Judiciales y magistrados piden el juicio político contra Javier Raidan
El Sindicato de Trabajadores Judiciales del Chubut y la Asociación de la Magistratura presentaron ante la Legislatura un nuevo pedido de juicio político contra el presidente del Superior Tribunal de Justicia. La denuncia, respaldada por un expediente de 70 páginas, sostiene que incurrió en mal desempeño al comprometer la independencia del Poder Judicial, impulsar aumentos salariales cuestionados y adoptar decisiones administrativas que, según los denunciantes, vulneran la Constitución y la legislación provincial. La presentación reaviva uno de los conflictos institucionales más profundos de los últimos años y vuelve a poner bajo la lupa el funcionamiento del máximo tribunal chubutense.

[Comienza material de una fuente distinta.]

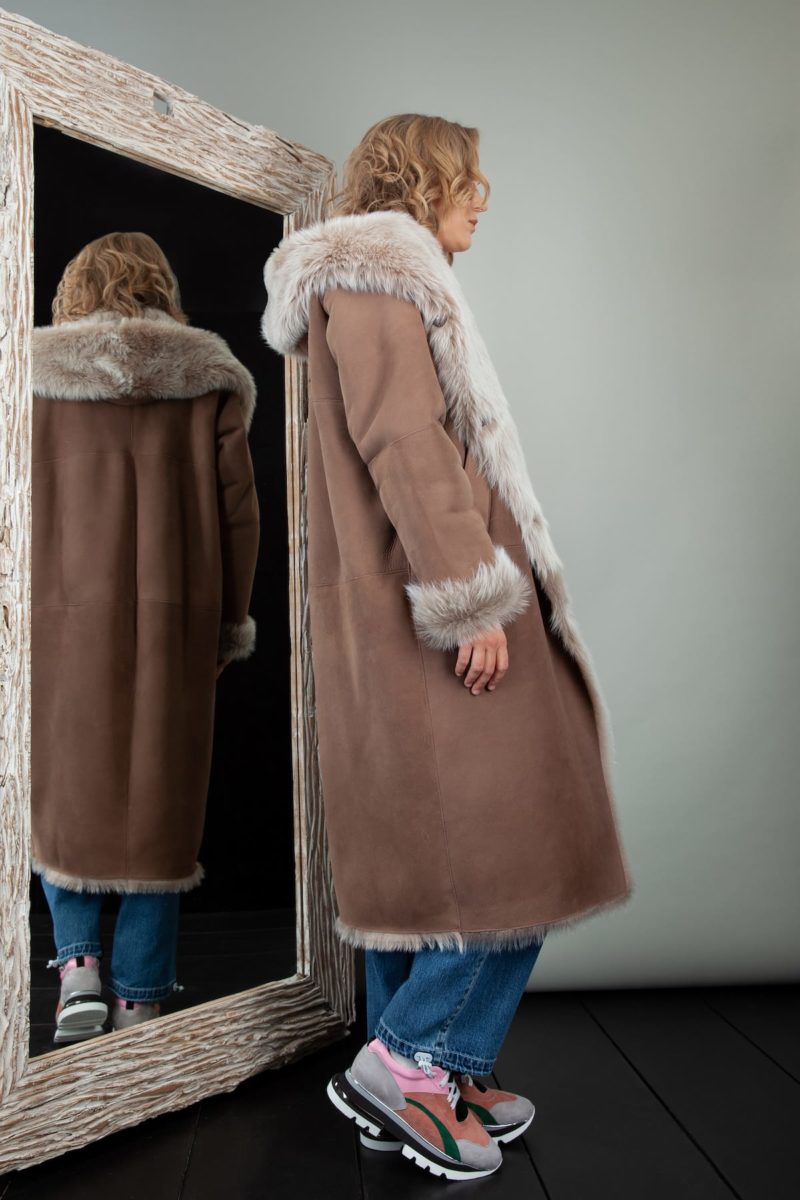 beige fur lined sheepskin fur hooded coat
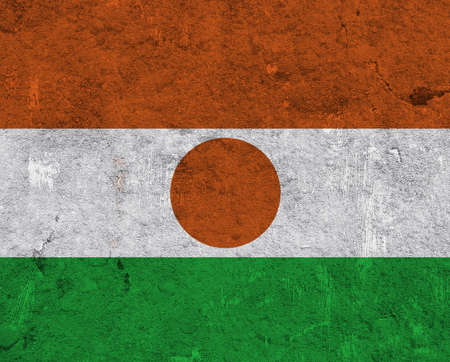 Flag of Niger on weathered concreteの写真素材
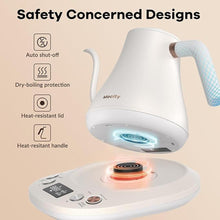 Load image into Gallery viewer, Mecity Electric Gooseneck Kettle With Keep Warm Function & LCD Display Automatic Shut Off Coffee Kettle Temperature Control Pour Over Kettle 1200 Watt, 0.8L, 120V, Off White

El nombre de Javier Raidan vuelve a quedar en el centro de la escena política y judicial de Chubut. Esta vez no por un fallo del Superior Tribunal de Justicia ni por una decisión administrativa del máximo órgano judicial de la provincia, sino porque dos de las organizaciones más representativas del Poder Judicial —el Sindicato de Trabajadores Judiciales del Chubut (SITRAJUCH) y la Asociación de la Magistratura y el Funcionariado Judicial— resolvieron avanzar nuevamente sobre la vía institucional más severa que prevé la Constitución: solicitar su juicio político y pedir su destitución.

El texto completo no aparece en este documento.